Dalam beberapa saat lagi, para senator Brasil yang baru saja dilantik akan memilih presiden baru Senat untuk dua tahun ke depan. Petahana Rodrigo Pacheco, yang didukung oleh Presiden Luiz Inácio Lula da Silva, akan menghadapi pendatang baru Rogério Marinho, yang didukung oleh saingan utama Lula, mantan Presiden Jair Bolsonaro.
Secara resmi, Pak. Pacheco mendapat dukungan dari bangku partai yang terdiri dari 40 senator, hanya terpaut satu anggota dari mayoritas 41 suara yang dibutuhkan untuk menang. Namun, para senator memilih melalui pemungutan suara rahasia, yang berarti kesetiaan terhadap partai bukanlah jaminan bagaimana seorang senator akan memilih.
Publik, hanya 37 senator berjanji pada Tuan. Pacheco untuk memilih.
Tn. Marinho, yang menjabat sebagai menteri pembangunan daerah di bawah Jair Bolsonaro, mendapat dukungan publik dari 30 senator. Dia mengandalkan orang-orang yang putus sekolah dari kamp Pacheco.
Kedua kandidat sangat terlibat dalam “anggaran rahasia,” yaitu sistem hibah parlemen yang tidak jelas yang dirancang oleh pemerintahan Bolsonaro yang telah memberikan anggota parlemen kekuasaan yang belum pernah terjadi sebelumnya atas anggaran federal dengan imbalan dukungan politik. Tn. Pacheco adalah salah satu pemimpin pencairan anggaran rahasia, sementara Mr. Marinho sebagai kepala kantor adalah tempat asal sebagian besar dana.
Tn. Pacheco membantu pemerintahan Bolsonaro dengan menolak membentuk komite terpilih mengenai kesalahan pemerintah dalam menangani pandemi Covid. Dia kemudian dipaksa melakukannya atas perintah Mahkamah Agung. Pada tahun 2022 Bpk. Pacheco menunda dan akhirnya membunuh komite terpilih untuk menyelidiki korupsi di Kementerian Pendidikan.
Terlepas dari daftar jasanya kepada pemerintahan Bolsonaro, pemerintahan Lula memilih untuk menunjuk Mr. untuk mendukung Pacheco, yang bukan pendukung setia Bolsonaro. Di sisi lain, Pak. Marinho sangat didukung oleh Partai Liberal Bolsonaro dan mantan menteri kabinet lainnya yang terpilih sebagai senator.
Sebuah kemenangan untuk Tuan. Marinho akan menjadi pukulan besar bagi pemerintahan Lula, yang agendanya hanya dapat dilaksanakan melalui beberapa amandemen konstitusi. Namun, hal itu memerlukan mayoritas 60 persen dalam dua putaran pemungutan suara di setiap kamar kongres. Dengan adanya lawan yang memimpin Senat, reformasi apa pun akan menjadi perjuangan yang berat.
Ada juga Pak. Marinho berharap untuk memasukkan isu-isu yang disukai kubu pro-Bolsonaro ke dalam agenda Senat, seperti “aktivisme yudisial” anggota Mahkamah Agung, yang dipandang sebagai hambatan bagi kelompok sayap kanan.
“Kemenangan bagi Rogério Marinho berarti berakhirnya pemerintahan Lula – setidaknya yang dilantik pada 1 Januari,” kata Mario Sérgio Lima, analis senior Brasil di Medley Global Advisors dan kolumnis untuk Laporan Brasil.

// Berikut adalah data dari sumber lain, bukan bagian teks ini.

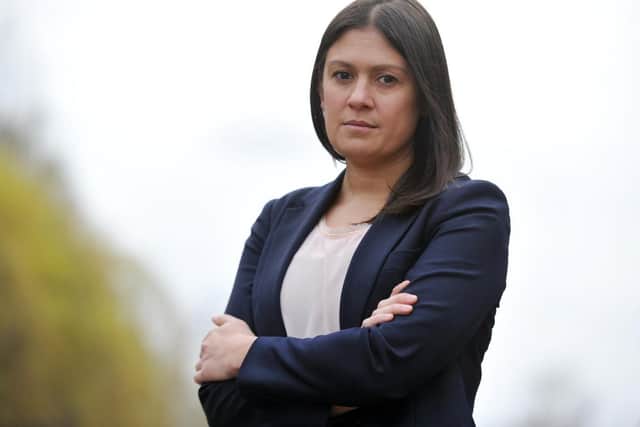 Lisa Nandy MP says towns like Wigan deserve their fair share of investment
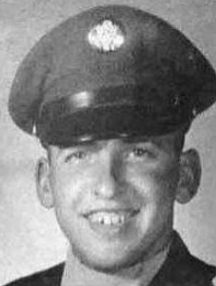 Photo of Private First Class Halley D. Whitlock, U.S. Army (VVMF)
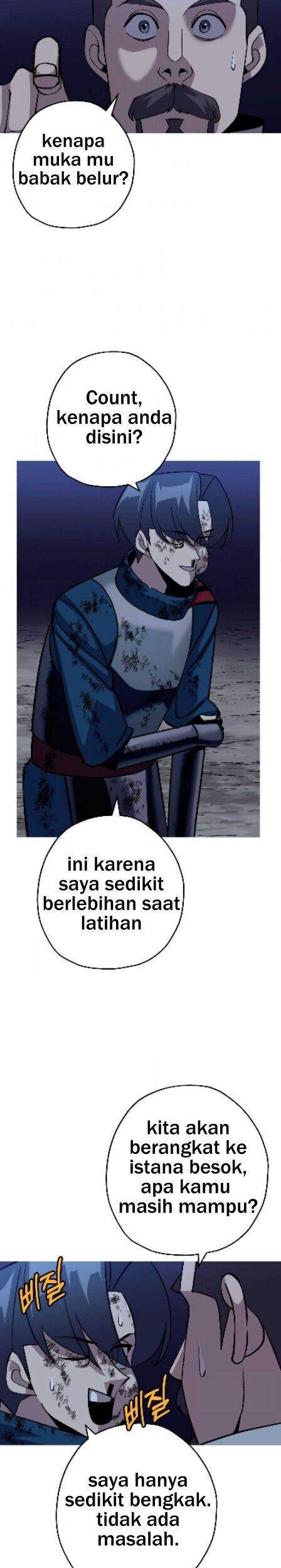 The Story of a Low-Rank Soldier Becoming a Monarch Chapter 52 Gambar 29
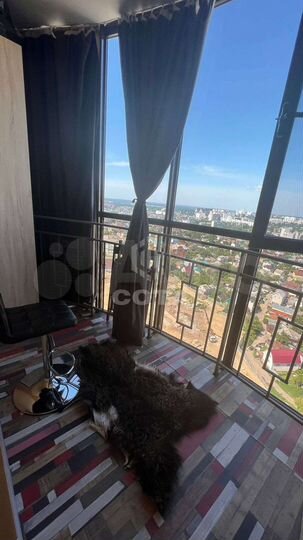 2-к. квартира, 70 м², 23/25 эт.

“Dengan adanya lawan aktif yang memimpin Senat, reformasi untuk dua tahun ke depan menjadi hampir mustahil. Empat tahun pemerintahan Bolsonarisme telah mengajarkan kita sesuatu, yaitu bahwa hal itu tidak pernah berubah menjadi moderasi,” tambahnya.
“Selain itu, kekalahan Lula di Senat akan menguatkan Ketua DPR Arthur Lira dalam hubungannya dengan pemerintah. Pemerintah akan menghadapi dua pilihan, yang tidak menarik: menuruti dorongan mencari keuntungan dari Big Center atau menjadi pemerintahan yang timpang selama dua tahun.

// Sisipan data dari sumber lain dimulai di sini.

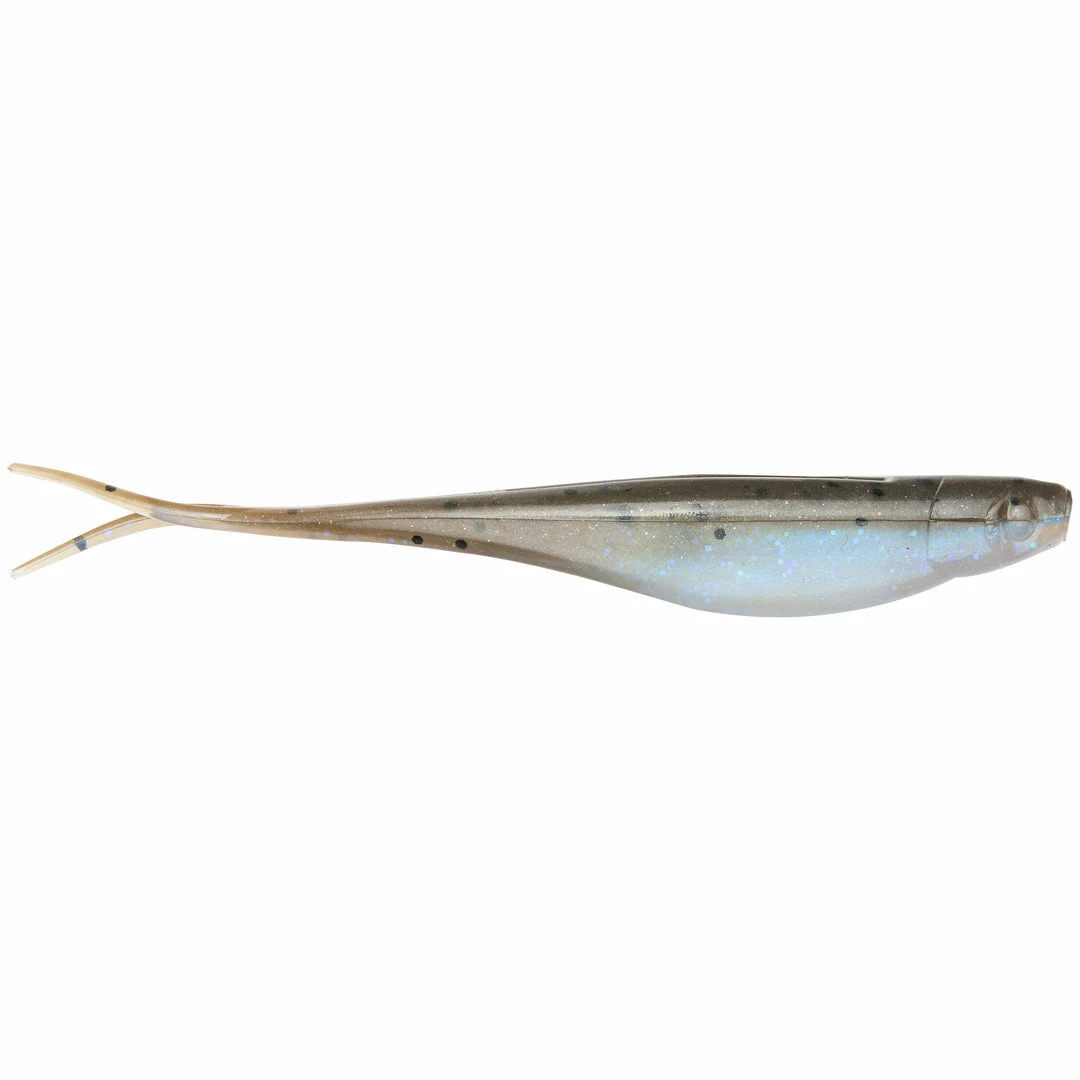 Strike King 3X ElazTech Z-Too 5 1/2 Inch Soft Jerkbait 10 Strike King 3X ElazTech Z-Too 5 1/2 Inch Soft Jerkbait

Pentingnya perselisihan mengenai pemilihan presiden Senat sedemikian rupa sehingga Alexandre Padilha, penghubung presiden dengan Kongres, berada di majelis tinggi untuk mendukung Trump. untuk merundingkan pencalonan Pacheco.
Tidak seperti anggota DPR, yang menggunakan panel elektronik dan memberikan suara dengan cepat, para senator melalui proses pemungutan suara yang panjang dan sangat formal di mana mereka dipanggil ke negara bagian satu per satu. Mereka memilih di kertas suara yang kemudian dihitung di depan umum.